Jerry and I had dentist appointments on Thursday.  We took the foot ferry to town early so we could get some errands done before the dentist.  After the dentist we like to go to Barns and Noble for a treat.

Passenger ferry

Passenger ferry

 

First errand was to Lynden to pick up a faucet for the new bathroom tub.  We passed through fertile farmland stretching out to the mountains of the Cascade range 50 miles away.  This fine land was settled 100 years ago by farmers from Holland, rib-rock conservative, narrow minded, hard working, prosperous people.  Their cows stood placidly in the morning sun.  Their corn fields and rows of berries and grapes looked green and fruitful. 

On the other side of the fast food and RV sales district of Lynden we obtained our faucet, then drove back to Bellingham and more errands: those accomplished we had our teeth cleaned.  At Barnes and Noble besides coffee and goodies and the New York Times I bought The Lonely Planet guide to New Zealand.  I have already bought our tickets.  We go in November.

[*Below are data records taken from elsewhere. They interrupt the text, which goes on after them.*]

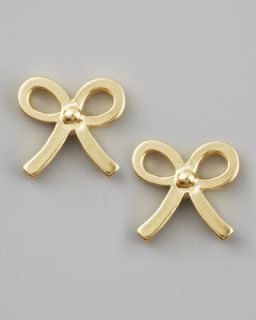 Dogeared Gold Bow Earrings   Neiman Marcus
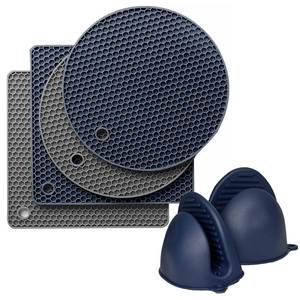 lot 2406 image: SUYTQEA 4 Pcs Silicone Trivet Mats for Kitchen Counter, Silicone Oven Mitts and Pot Holders Set for Hot Pan and Pot Pads, Heat Resistant Multipurpose Potholders, Grey and Navy Blue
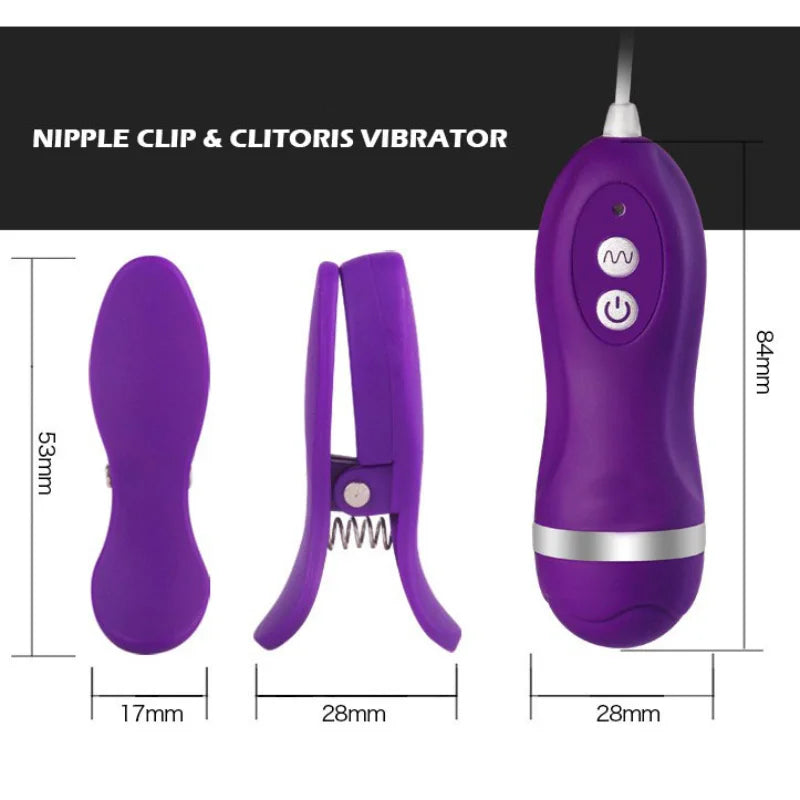 Soft 10-Frequency Vibrating Nipple Clamps Clitoris Clip Double Vibrator Stimulator Masturbator Breast Sex Toys for Women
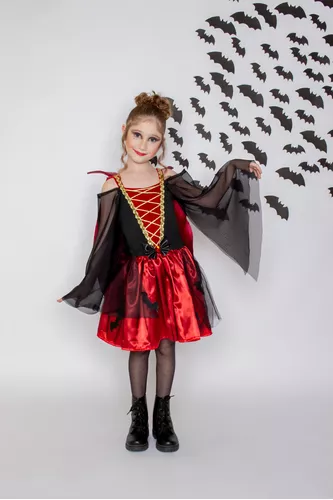 Fantasia Infantil Vampira Luxo Vestido Longo Festa Halloween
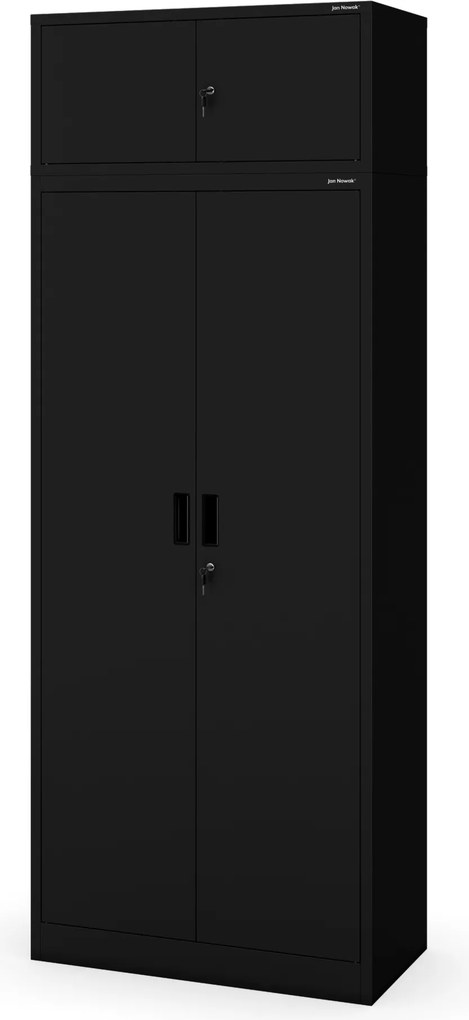 4 polcos fém irodai szekrény, fekete, 1750x800x400 mm: JAN Compact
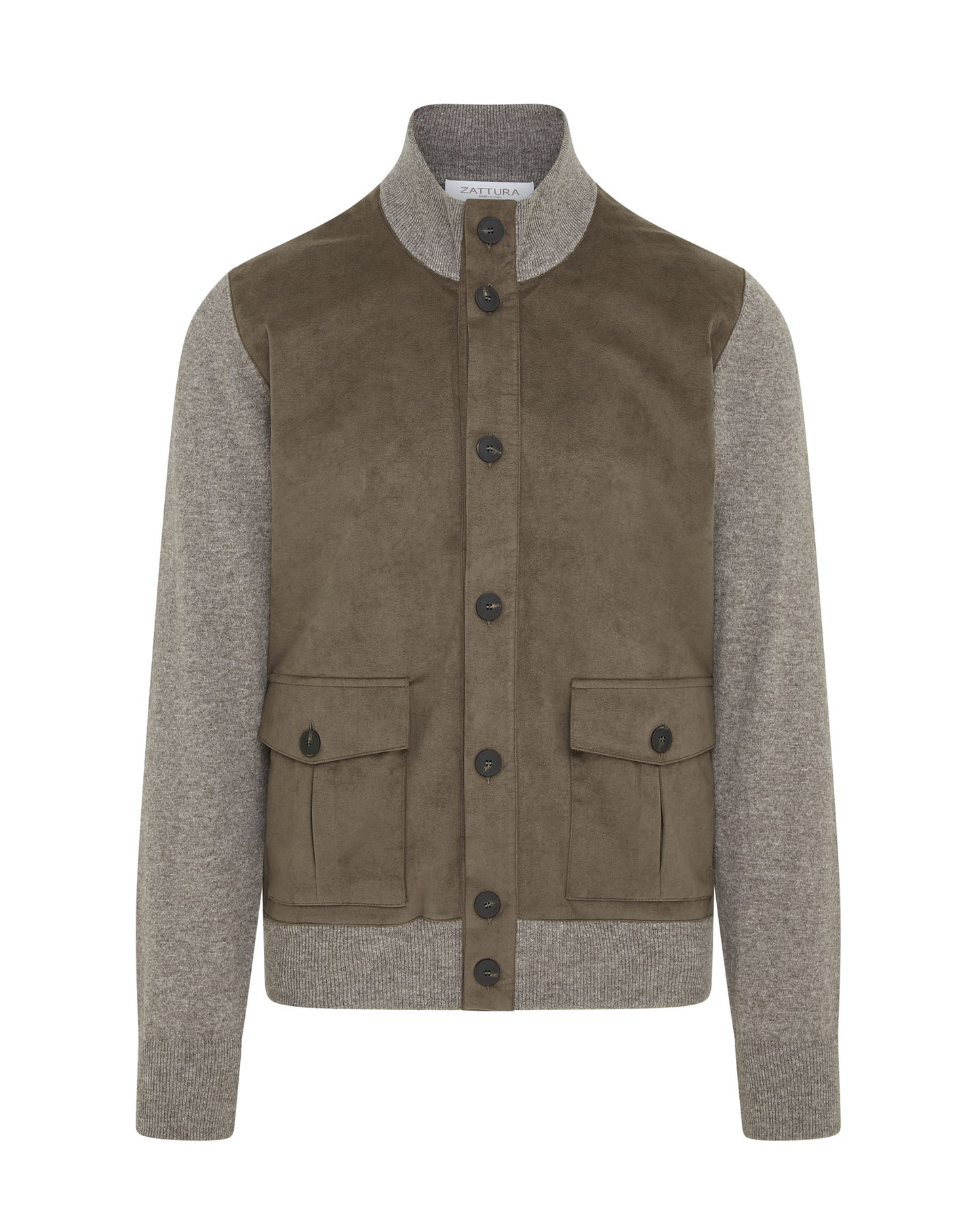 Button Alcantara & Knitted Bomber Jacket (Light Beige)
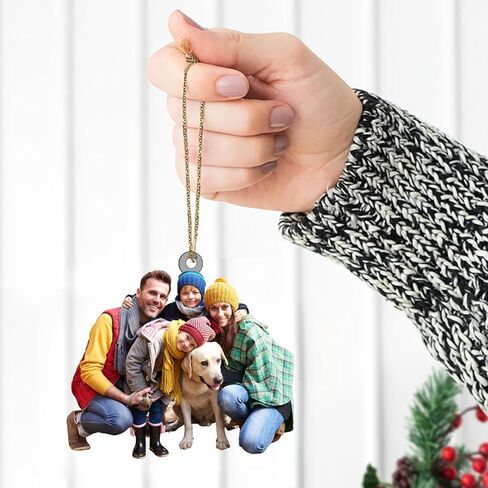 Customized Photo Ornament for Xmas Tree 2D, Personalized Christmas Ornament with Photo, Xmas Family Friend Gifts, Custom Picture Family Christmas Ornament 2025, Hanging Christmas Decor in Kuwait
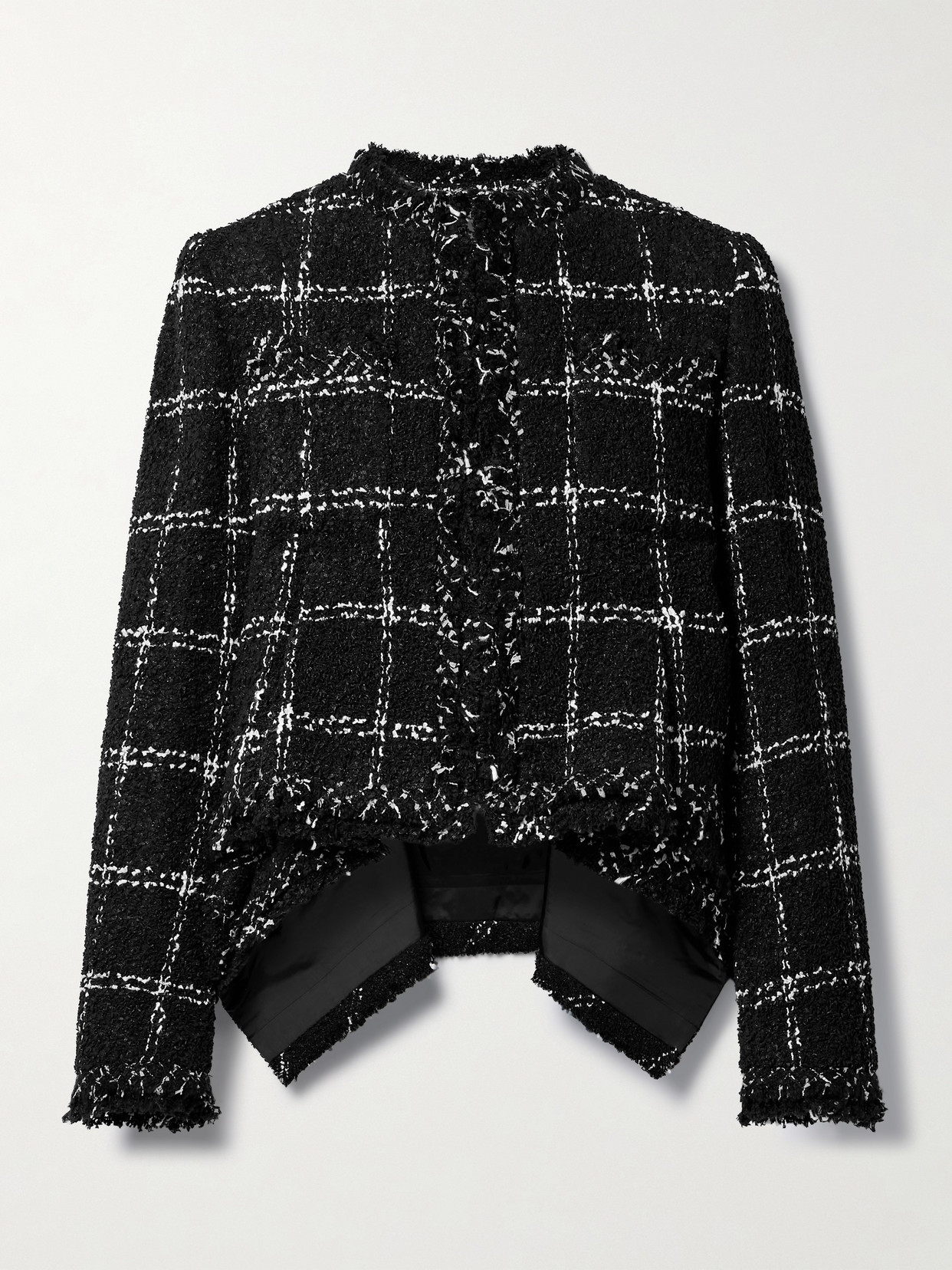 Shop Sacai Asymmetric Frayed Checked Tweed Jacket In Black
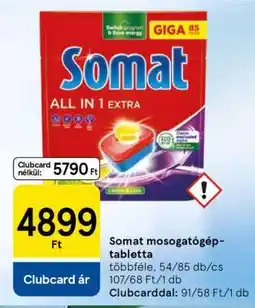 Tesco Somat Mosogatógép Tabletta ajánlat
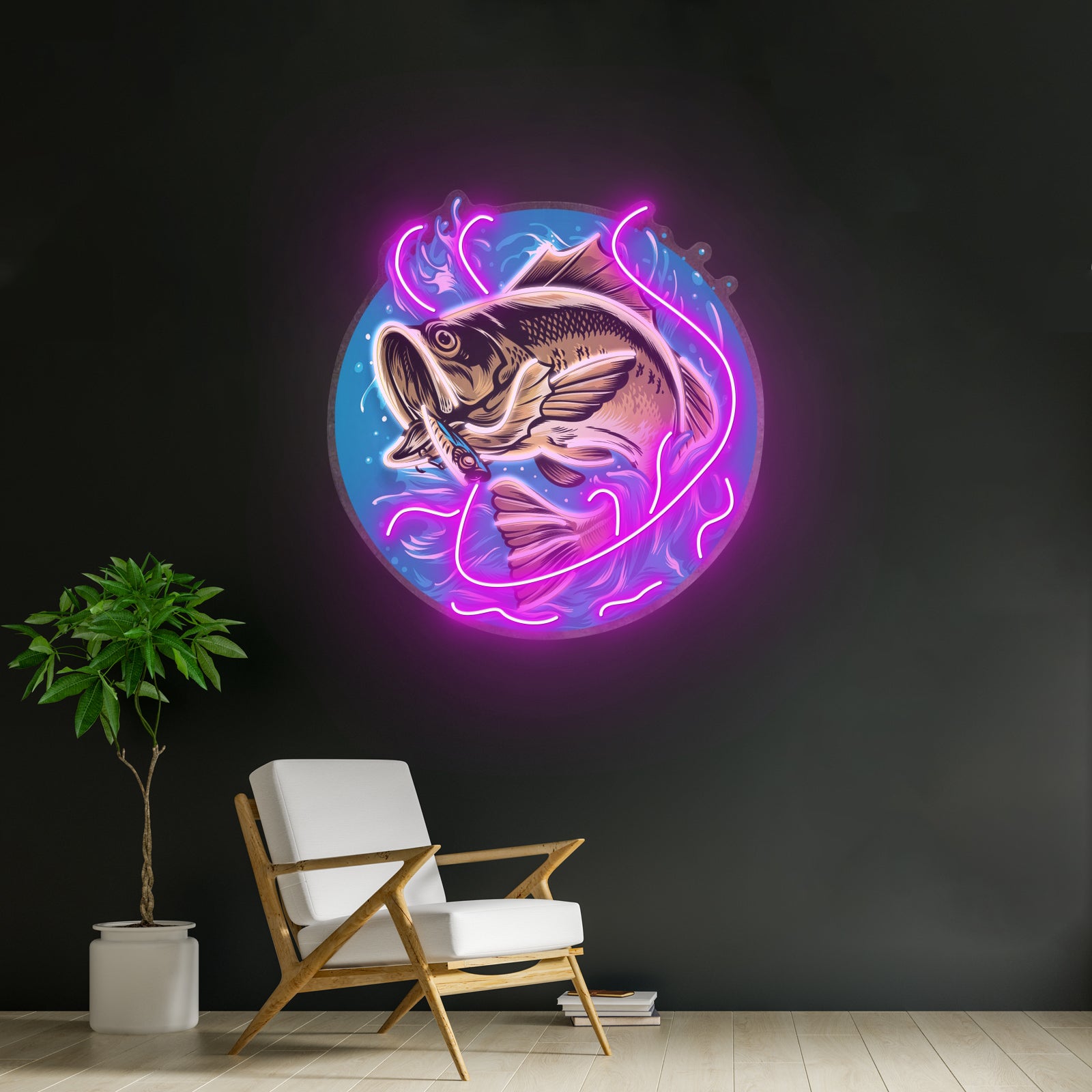 Glow Fishing Led Neon Sign Light Custom Led Signs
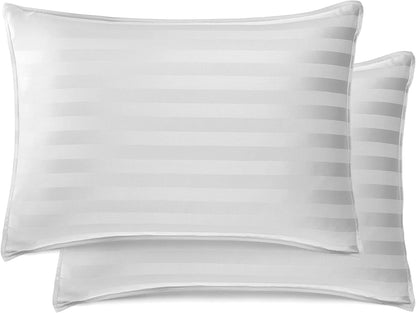King Pillowcases - Genuine 100% Organic Viscose Derived from Bamboo, Luxuriously Soft & Cooling, Double Stitching, Envelope Closure (2 King Pillowcases, White)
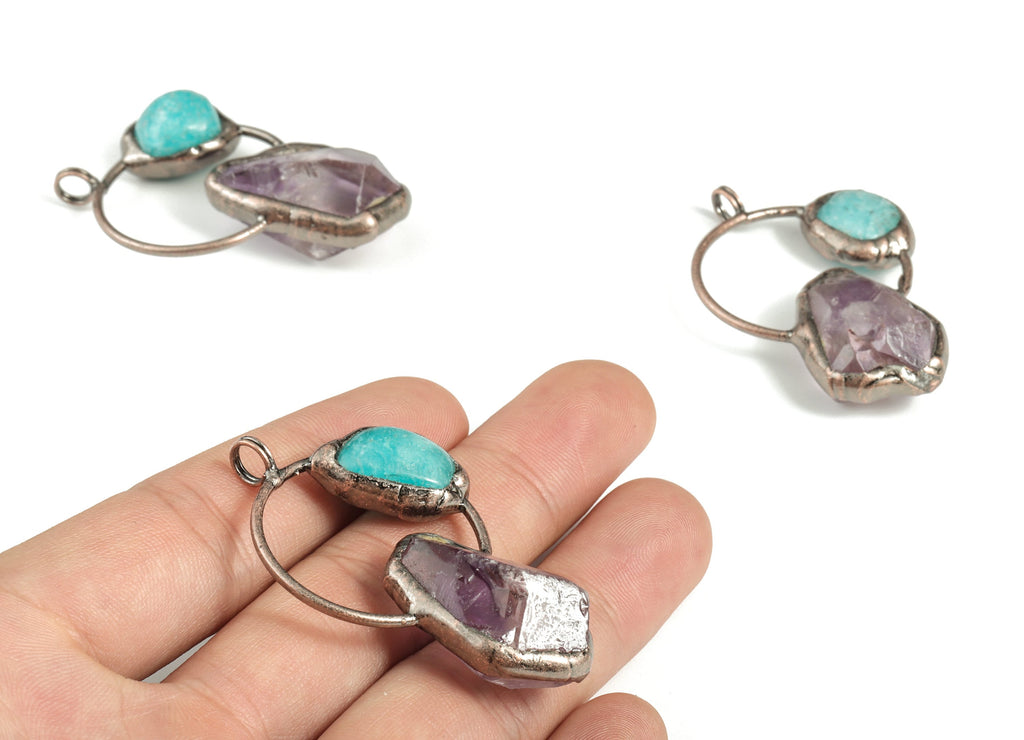 Tianjin Amethyst Charm - Tianjin Stone Pendant - Tianjin Amethyst Gemstone Jewelry Supplies - Average Size - 55.88×34.79×18.85mm - NS1388 - DOMEDBAZAAR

We were too late for the 1:10 ferry: just missed it.  We couldn’t walk onto the pier because they are doing some construction on the dock.  There were a lot of construction vehicles, cranes, workers in hard hats and a worker whose only job was to keep ferry passengers off the pier.  We had an hour to wait so I wandered around taking pictures of the dock and fishing boats and stacked crab pots. 

I asked the pier guard what they were doing to the dock.  He told me they were replacing the pulley ropes that raise the ramp.  There are 4 of them on each side and they cost $100,000 each.  Wow! 

I chatted with another waiting passenger, a tall blond lady who used to manage a lot of vacation rentals on the island, but who got into some trouble with her clients and also the tax people over money.  She seems to be back in business, and she looked great.

Then Felix, a retired physics teacher and dog enthusiast, came.  He had taken his dog, Bailey, to the vet.  I remembered that we intended to give him our old Science magazines (I hate to throw them away).  He said he would like them.  Felix has a million projects going, so he had been to a junk yard for parts.  I asked what kind of junk he was interested in at the moment, and when he replied (I can’t remember what — some kind of cables) Jerry said, “Oh, I have lots of those.”  So we can unload some more junk.  Yay!

Next Beverly came.  She is an island lady, around 10 years younger than me, who is active in the community and knows all the interesting news.  Here’s my chance, I thought, to find out all about the jumper. 

For this story I have to go back to Tuesday when my daughter, Clare, took the ferry.  She and her husband caught the ferry back to the island and they wondered why, though loaded, it was waiting at the dock.  Then they heard the sound of a police siren.  Next, a young man jumped from the upper deck into the water and began swimming across Hale’s Passage toward the island. 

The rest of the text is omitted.